### Exercise description
Exactly as they appear, reproduce the lines from the one holding "Alt Text: Vintage" through the last line of the material below.
[Start of Attachment]
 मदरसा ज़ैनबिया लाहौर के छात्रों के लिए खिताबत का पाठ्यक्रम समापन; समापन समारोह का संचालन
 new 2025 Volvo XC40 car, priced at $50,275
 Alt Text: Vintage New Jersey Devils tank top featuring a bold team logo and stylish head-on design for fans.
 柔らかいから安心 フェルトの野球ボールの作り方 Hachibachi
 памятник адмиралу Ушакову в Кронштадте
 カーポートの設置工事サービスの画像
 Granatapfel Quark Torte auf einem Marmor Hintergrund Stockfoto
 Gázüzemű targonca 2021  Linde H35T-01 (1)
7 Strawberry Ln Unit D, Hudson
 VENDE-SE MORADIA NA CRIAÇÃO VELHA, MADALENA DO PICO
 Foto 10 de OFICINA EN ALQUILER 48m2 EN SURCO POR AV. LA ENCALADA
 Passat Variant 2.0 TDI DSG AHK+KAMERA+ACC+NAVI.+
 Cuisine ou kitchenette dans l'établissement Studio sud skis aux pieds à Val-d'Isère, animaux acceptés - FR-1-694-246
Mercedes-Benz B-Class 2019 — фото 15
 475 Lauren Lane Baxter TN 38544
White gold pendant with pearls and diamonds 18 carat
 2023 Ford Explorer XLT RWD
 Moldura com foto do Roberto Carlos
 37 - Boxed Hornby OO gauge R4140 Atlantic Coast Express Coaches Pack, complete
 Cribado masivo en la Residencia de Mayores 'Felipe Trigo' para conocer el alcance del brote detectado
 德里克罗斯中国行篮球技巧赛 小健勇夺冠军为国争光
[End of Attachment]
### Exercise solution
 Alt Text: Vintage New Jersey Devils tank top featuring a bold team logo and stylish head-on design for fans.
 柔らかいから安心 フェルトの野球ボールの作り方 Hachibachi
 памятник адмиралу Ушакову в Кронштадте
 カーポートの設置工事サービスの画像
 Granatapfel Quark Torte auf einem Marmor Hintergrund Stockfoto
 Gázüzemű targonca 2021  Linde H35T-01 (1)
7 Strawberry Ln Unit D, Hudson
 VENDE-SE MORADIA NA CRIAÇÃO VELHA, MADALENA DO PICO
 Foto 10 de OFICINA EN ALQUILER 48m2 EN SURCO POR AV. LA ENCALADA
 Passat Variant 2.0 TDI DSG AHK+KAMERA+ACC+NAVI.+
 Cuisine ou kitchenette dans l'établissement Studio sud skis aux pieds à Val-d'Isère, animaux acceptés - FR-1-694-246
Mercedes-Benz B-Class 2019 — фото 15
 475 Lauren Lane Baxter TN 38544
White gold pendant with pearls and diamonds 18 carat
 2023 Ford Explorer XLT RWD
 Moldura com foto do Roberto Carlos
 37 - Boxed Hornby OO gauge R4140 Atlantic Coast Express Coaches Pack, complete
 Cribado masivo en la Residencia de Mayores 'Felipe Trigo' para conocer el alcance del brote detectado
 德里克罗斯中国行篮球技巧赛 小健勇夺冠军为国争光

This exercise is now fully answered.